Goal of the exercise:
Within the entries below, output exactly the lines between the line containing "BEAUTIFUL HAND PAINTED GLASS COOKIE JAR" and the line containing "Green Leaf Embroidery", inclusive, and omit any picture.

[Entries supplied — start]

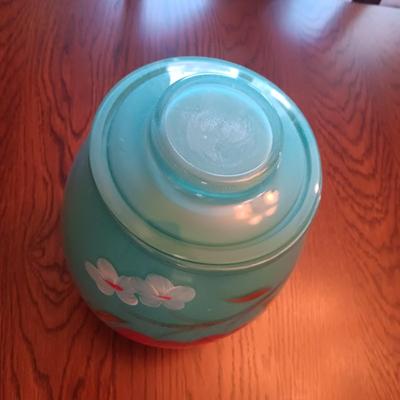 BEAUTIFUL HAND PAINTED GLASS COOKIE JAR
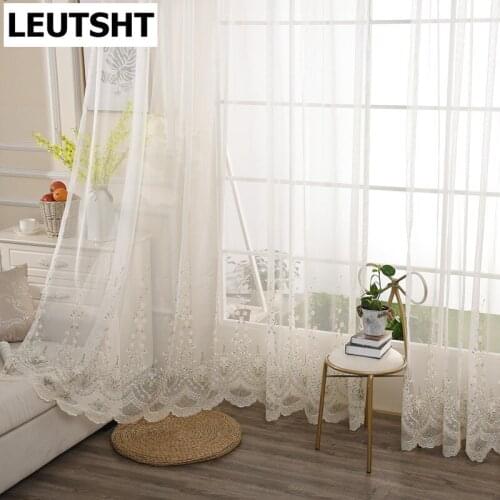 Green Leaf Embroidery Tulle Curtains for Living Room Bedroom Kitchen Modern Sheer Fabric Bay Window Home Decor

[Entries supplied — finish]
[Entries supplied — start]

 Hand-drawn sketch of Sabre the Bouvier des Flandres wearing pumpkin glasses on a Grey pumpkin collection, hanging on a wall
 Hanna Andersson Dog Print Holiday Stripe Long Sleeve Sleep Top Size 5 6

[Entries supplied — finish]

Solution to the exercise:
 BEAUTIFUL HAND PAINTED GLASS COOKIE JAR
 Green Leaf Embroidery Tulle Curtains for Living Room Bedroom Kitchen Modern Sheer Fabric Bay Window Home Decor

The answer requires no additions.